--- REQUIRED ACTION ---
Images are not part of the copy; write out the rest of the data exactly as given.

Source records:
>>>>>

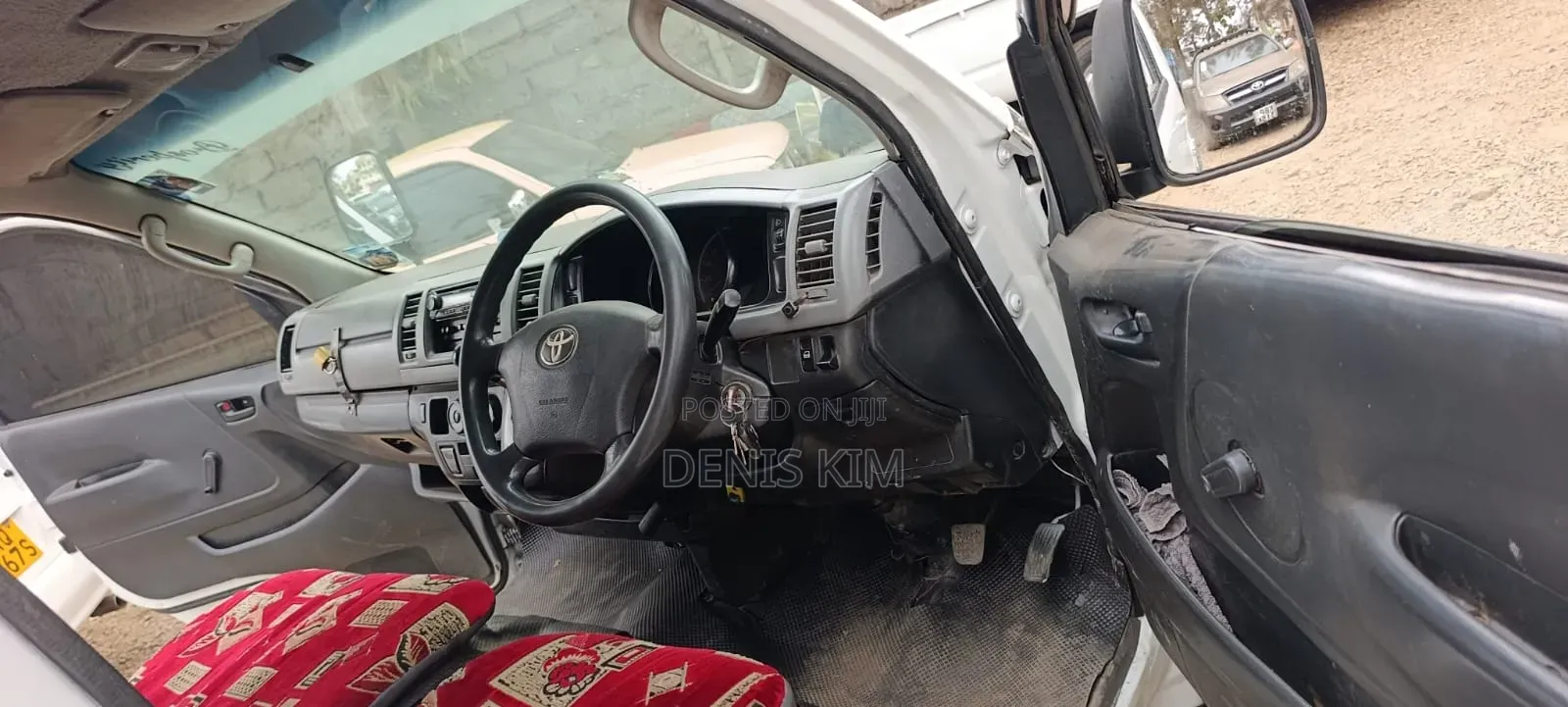 Toyota HiAce 2011 White
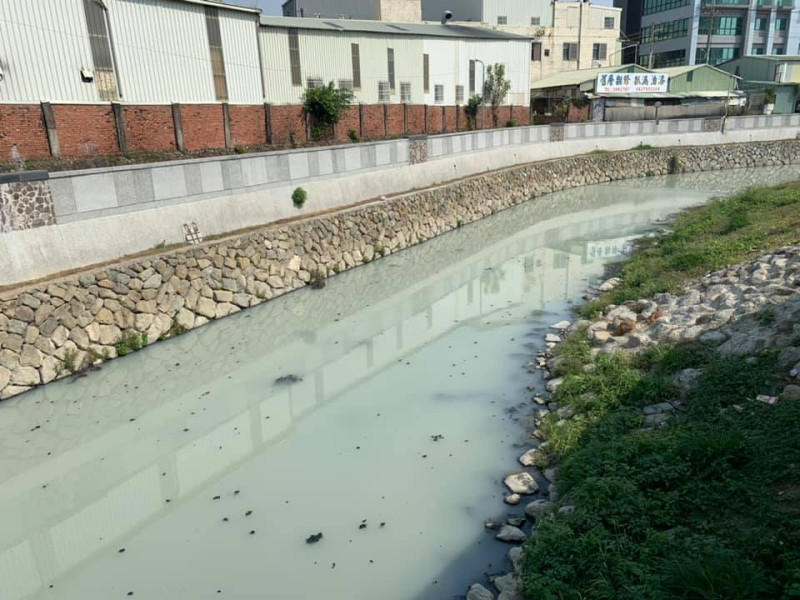 有民眾發現，河堤公園愛河段區水色竟意外呈現「奶綠」一般的乳綠色，汙染嚴重。(示意圖)   圖：翻攝自康裕成臉書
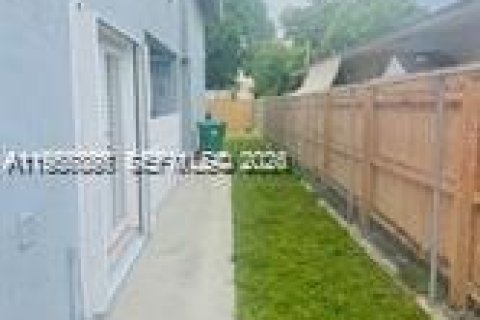 House in Miami, Florida 3 bedrooms, 326.64 sq.m. № 2011412 - photo 2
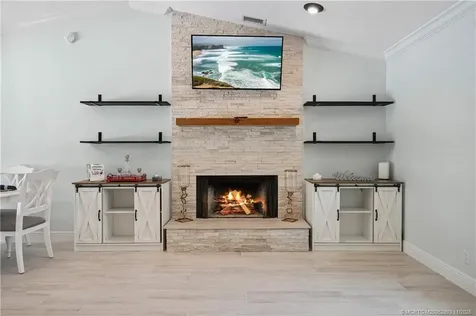 6361 SE Phillips Bend Avenue Stuart FL 34997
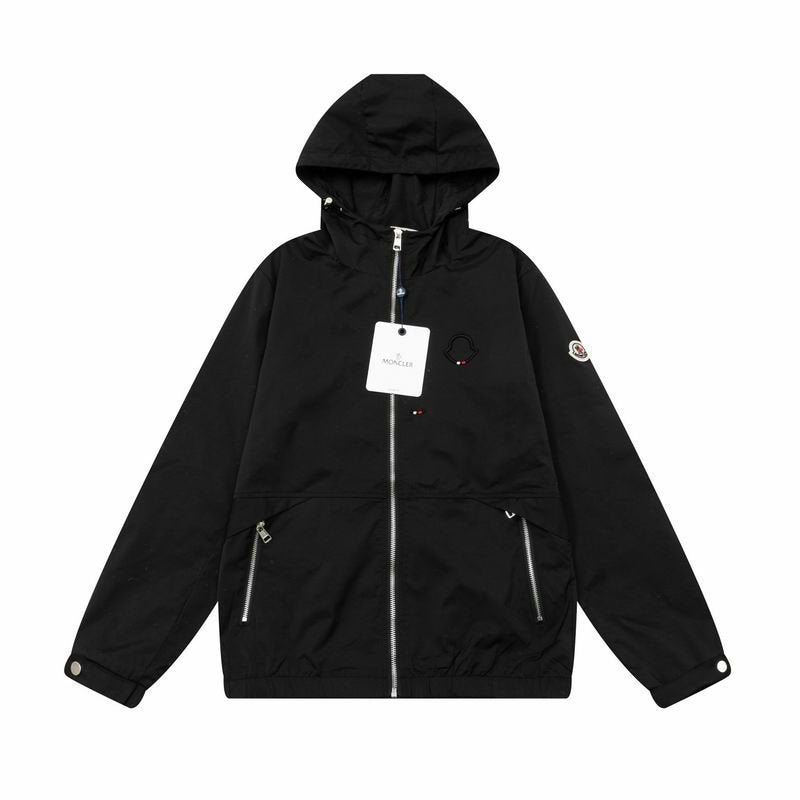 Les vestes Moncler allient élégance et modernité. Leur design sophistiqué et leurs matériaux haut de gamme en font un choix incontournable.pas cher.le moins cher.
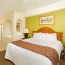 3 bedroom suite family hotel in
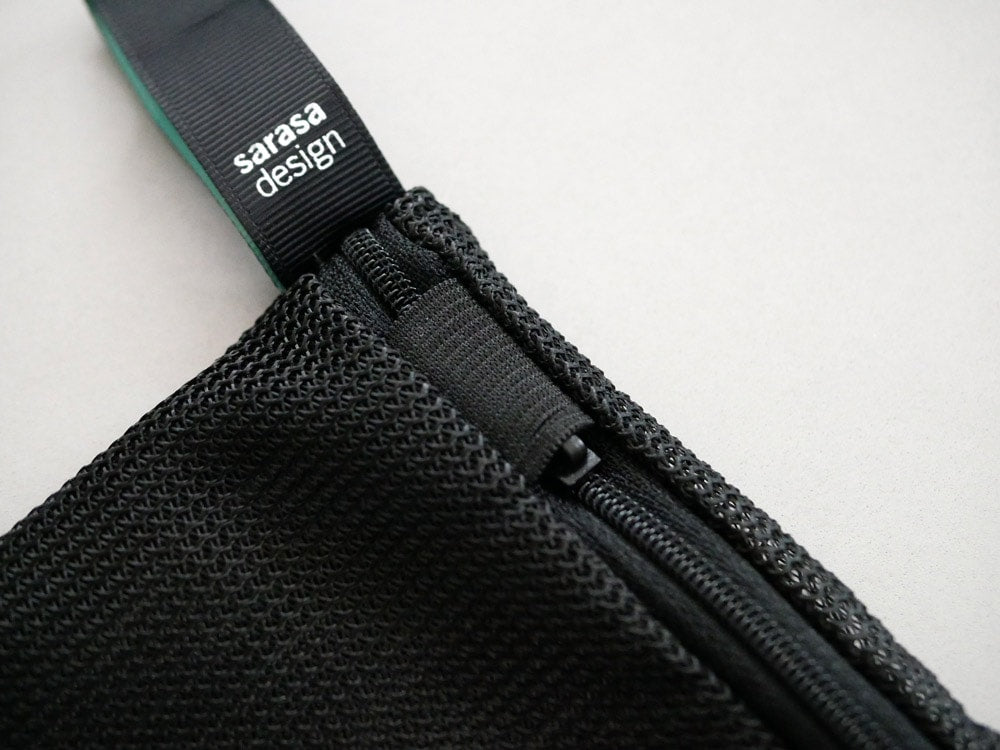 サラサデザインのフラットリバーシブルランドリーネット。ポリエステルとラテックス製で、ストラップとウェビングが付いたメッシュ構造。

<<<<<

--- TASK OUTPUT ---
 Toyota HiAce 2011 White
 有民眾發現，河堤公園愛河段區水色竟意外呈現「奶綠」一般的乳綠色，汙染嚴重。(示意圖)   圖：翻攝自康裕成臉書
 House in Miami, Florida 3 bedrooms, 326.64 sq.m. № 2011412 - photo 2
 6361 SE Phillips Bend Avenue Stuart FL 34997
 Les vestes Moncler allient élégance et modernité. Leur design sophistiqué et leurs matériaux haut de gamme en font un choix incontournable.pas cher.le moins cher.
 3 bedroom suite family hotel in
 サラサデザインのフラットリバーシブルランドリーネット。ポリエステルとラテックス製で、ストラップとウェビングが付いたメッシュ構造。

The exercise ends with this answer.